As emerging countries continue to develop, demand for high value-added exports from the United States and Europe is growing. Oddly, 30 percent of current U.S. exports are services. This is in addition to domestic corporate profits and makes them more resilient in times of domestic recession. There is considerable anecdotal evidence suggesting that service exports have higher margins than goods and material exports because there are no inventories to worry about and transportation costs (if any) are lower.
Foreign corporate profits have been a blessing for U.S. companies, since the global slowdown in 2008 through 2009 in China, Brazil, and India was relatively mild while U.S. and Western European economies were still dragging. Increasing consumer spending in foreign markets, especially Asia, continue to play a major role in improving U.S. corporate profitability by helping to prop up profits when U.S. domestic consumer spending is anemic.

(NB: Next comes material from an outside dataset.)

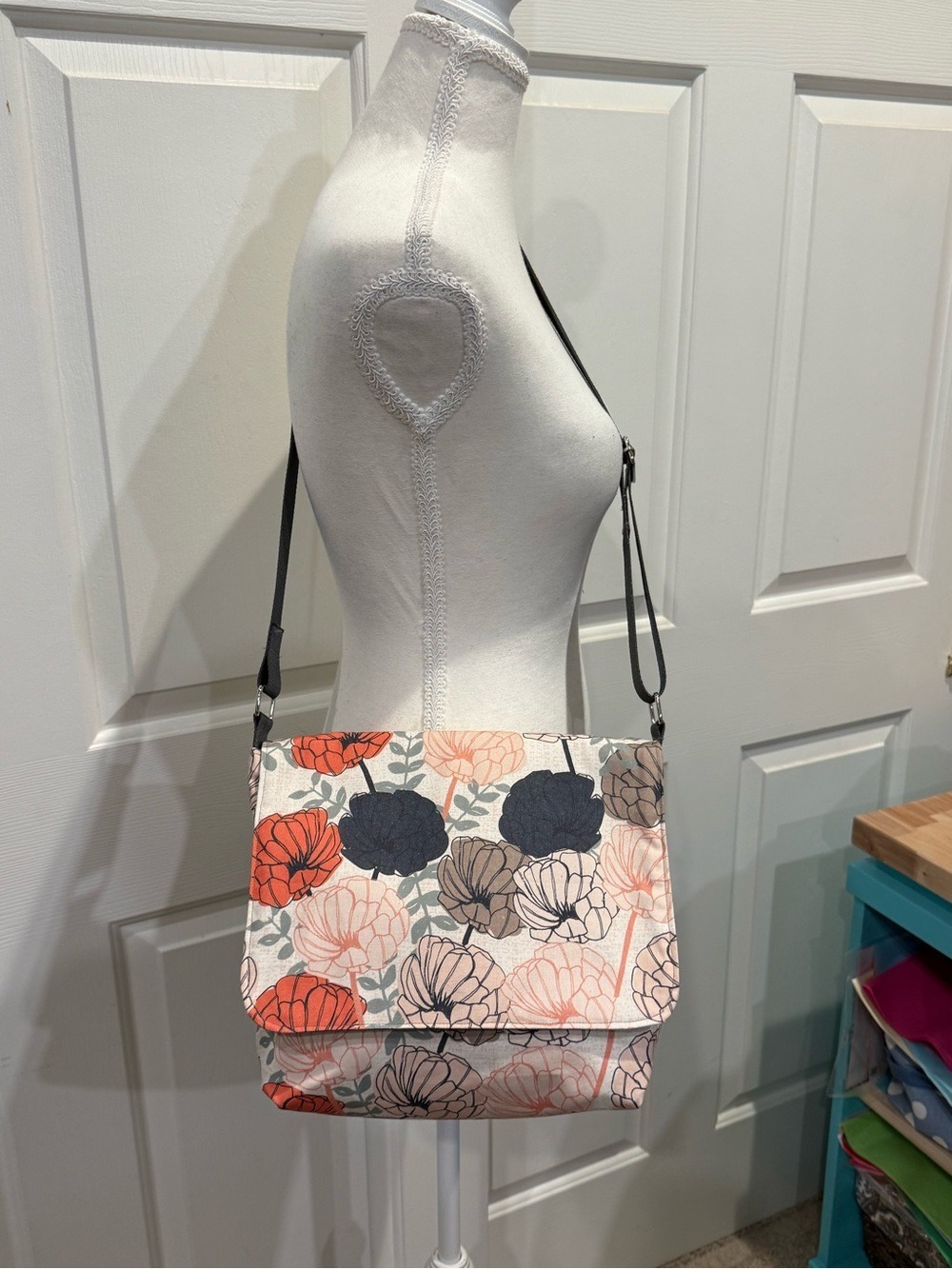 Handmade Floral Crossbody Bag | Artisan Cotton Messenger Purse | - Picture 2 of 5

Protect your profitability
Early in her political career, the British Prime Minister Margaret Thatcher often said that "there is no alternative" to trade liberalization, free trade, and globalization. That appears to be true for U.S. corporations, whose performance is becoming increasingly dependent on overseas operations to bring higher and more stable profits. However, the rising productivity of many Chinese and Indian industries is placing considerable wage and price pressure on U.S. companies' outsourcing operations. Many countries want to move up the value-added chain. In addition, the extensive, very specialized production concentrations that have developed due to some countries' comparative advantage have created considerable supply chain risks from such factors as natural disasters or political instability. Companies might want to think about building a few redundancies in their supply chain networks in order to hedge against events that may be improbable, yet if they happen—and unfortunately they do, as we saw in Japan earlier this year—can make the difference between profit and loss.